If you’ve been waiting all summer for Phil Ivey to show up in Las Vegas to compete in a World Series of Poker event, you were sadly disappointed. Until now. Ivey finally came to the Rio on Monday to play in the Main Event, Day 1C, which was also the last day for entries.
Ivey couldn’t get much going on Monday, but he did make quite a comeback late in the day after being down to just 7,500 chips at one point. The great one bagged up 26,100 chips by day’s end, which was well below his 50,000 chip starting stack.
Phil doesn’t grind the tournament circuit much these days. He’s busy playing high stakes cash games in Macau, China. Unlike other legends, such as Daniel Negreanu and Phil Hellmuth, his main focus isn’t on winning WSOP bracelets. He’s more interested in padding his bank account.
With almost $24 million in live tournament cashes, Ivey’s most recent bracelet win was over a year ago at the Aussie Millions for $2.2 million. His last WSOP bracelet was in 2014, when he took first in the $1,500 Eight Game Mix championship.
Ivey holds 10 WSOP career bracelets, and has cashed 56 times, along with three Circuit events cashes.
Sheehan Bags Biggest Stack
Day 1C had 4,240 players registered, including 2015 Main Event defending champ Joe McKeehen. That’s a record for any Day One starting flight, by the way.
Overall, 6,737 “kids with a dream” signed up for this prestigious poker tournament, the most since 2011. For those assuming poker is on the decline, head on over to the Rio these next few days and you’ll have a different opinion. That’s assuming you can find a parking spot that doesn’t include a 1/2 mile walk into the back of the casino.
McKeehen picked up where he left off in November. The reigning world champ ended Day One with 110,000 chips. He put on another great performance, but not nearly as great a one as Timothy Sheehan. The Georgia resident had bagged the biggest stack in the field (394,100) by end of day.
Many other former champs will be moving on to Day Two. Ryan Reiss (82,700), Martin Jacobson (71,000), Chris Moneymaker (61,000), Scotty Nguyen (60,400), Phil Hellmuth (45,200), Greg Merson (24,300), and Joe Hachem (24,900) are still in the running to win this event for the second time.
Hellmuth and Moneymaker were up and down all day, more on the down side for the Poker Brat.

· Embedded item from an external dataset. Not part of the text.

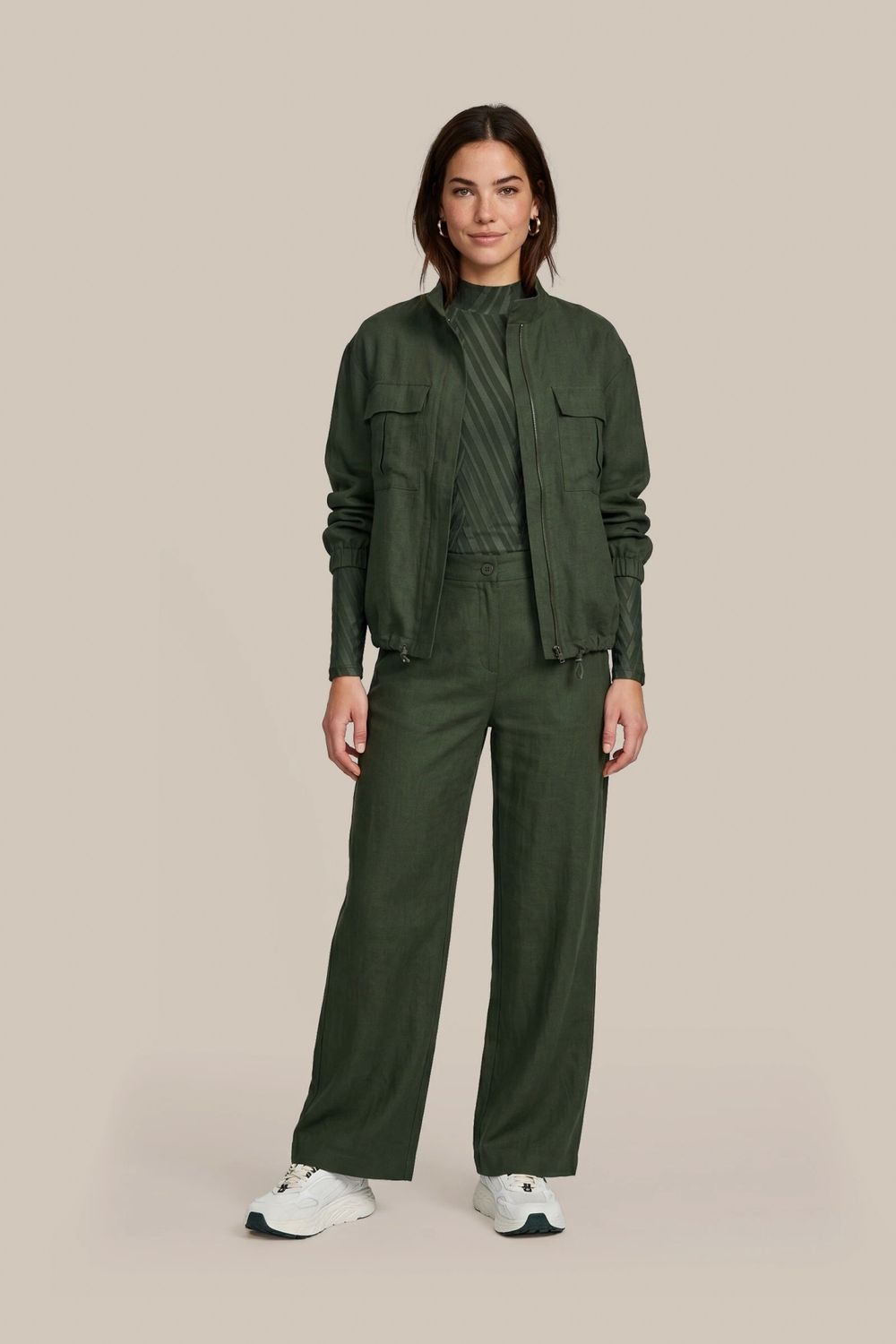 C&S Pernilla pants dark olive C&S Pernilla pants dark olive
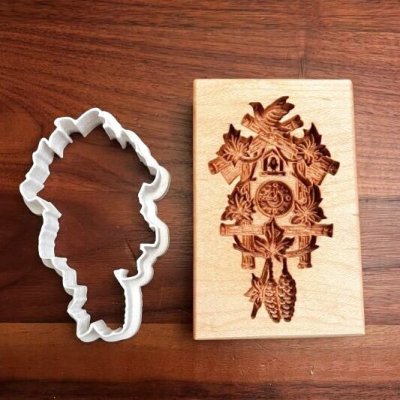 画像1: 鳩時計/Cuckoo clock＋カッター付き*wood cookie mold 【送料無料】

At one point, Hellmuth was below 20,000 chips, but got things going late. Moneymaker had around 20,000 at the final break, but went on a heater to close out the evening.
This is an important tournament every year for Hellmuth, a 14-time bracelet winner. But maybe even more important this year, because he has struggled all summer. This is his last chance to win a bracelet in 2016 in what has been a disappointing year for the poker legend.
One More Shot for Mercier
Jason Mercier is down to his final opportunity to win that elusive third bracelet this year. He couldn’t get things going on Day One of the Main Event and hit the rails.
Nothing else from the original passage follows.